There’s a long list of reasons to ridicule Boris Johnson’s claim to be the new Roosevelt. First there’s the pathetic inadequacy of the programme he’s announced: £5 billion of mostly repackaged investment plans, or 0.2% of UK GDP – 200 times smaller than Roosevelt’s New Deal, which amounted to 40% of US GDP at the time.
But there is a deeper structural problem with Johnson’s approach to economic recovery – one that goes far beyond the numbers. Where Roosevelt positioned himself squarely in opposition to rentier capital – the financiers and speculators that had crashed the economy in 1929 – Johnson is positioning himself squarely as its backer.
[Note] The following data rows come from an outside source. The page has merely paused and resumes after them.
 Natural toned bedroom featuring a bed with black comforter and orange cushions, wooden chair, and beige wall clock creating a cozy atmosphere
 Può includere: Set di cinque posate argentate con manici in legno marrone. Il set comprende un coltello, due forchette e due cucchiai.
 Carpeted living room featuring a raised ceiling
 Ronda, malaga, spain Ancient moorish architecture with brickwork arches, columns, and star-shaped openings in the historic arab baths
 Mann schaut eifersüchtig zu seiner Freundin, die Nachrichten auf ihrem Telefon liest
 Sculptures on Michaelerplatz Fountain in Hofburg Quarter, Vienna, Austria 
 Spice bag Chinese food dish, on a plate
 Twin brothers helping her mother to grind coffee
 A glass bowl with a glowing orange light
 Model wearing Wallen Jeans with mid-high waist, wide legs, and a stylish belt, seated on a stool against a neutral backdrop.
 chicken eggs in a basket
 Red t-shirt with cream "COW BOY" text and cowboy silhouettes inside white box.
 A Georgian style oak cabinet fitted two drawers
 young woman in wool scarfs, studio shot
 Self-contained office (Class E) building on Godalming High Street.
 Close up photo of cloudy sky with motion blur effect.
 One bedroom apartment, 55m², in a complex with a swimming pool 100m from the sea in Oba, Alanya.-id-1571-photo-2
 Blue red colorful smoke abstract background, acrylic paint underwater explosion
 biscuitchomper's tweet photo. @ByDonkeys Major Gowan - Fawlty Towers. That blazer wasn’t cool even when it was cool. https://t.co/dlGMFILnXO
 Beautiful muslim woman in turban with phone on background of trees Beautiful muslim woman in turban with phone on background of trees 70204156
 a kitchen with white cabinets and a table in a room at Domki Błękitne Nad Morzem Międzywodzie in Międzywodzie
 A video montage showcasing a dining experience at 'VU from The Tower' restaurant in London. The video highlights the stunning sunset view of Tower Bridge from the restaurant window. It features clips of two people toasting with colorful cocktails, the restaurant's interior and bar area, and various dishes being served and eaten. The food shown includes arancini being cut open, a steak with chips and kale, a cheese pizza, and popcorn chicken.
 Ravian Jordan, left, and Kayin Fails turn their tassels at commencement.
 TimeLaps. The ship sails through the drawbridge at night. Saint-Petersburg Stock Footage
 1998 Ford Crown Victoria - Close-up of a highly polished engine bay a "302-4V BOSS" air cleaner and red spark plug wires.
In his first inaugural address, on 4 March 1933, Roosevelt declared that the cause of unemployment and economic distress was not scarcity. Rather, “the rulers of the exchange of mankind's goods have failed, through their own stubbornness and their own incompetence ... Practices of the unscrupulous money changers stand indicted in the court of public opinion”. He lacerated high finance: “they know only the rules of a generation of self-seekers”. Unveiling the second half of the New Deal, he was crystal clear on who his political enemies were: “business and financial monopoly, speculation, reckless banking.” He decried the pre-crash situation as “government by organized money”, noting that these interests “are unanimous in their hate for me—and I welcome their hatred.”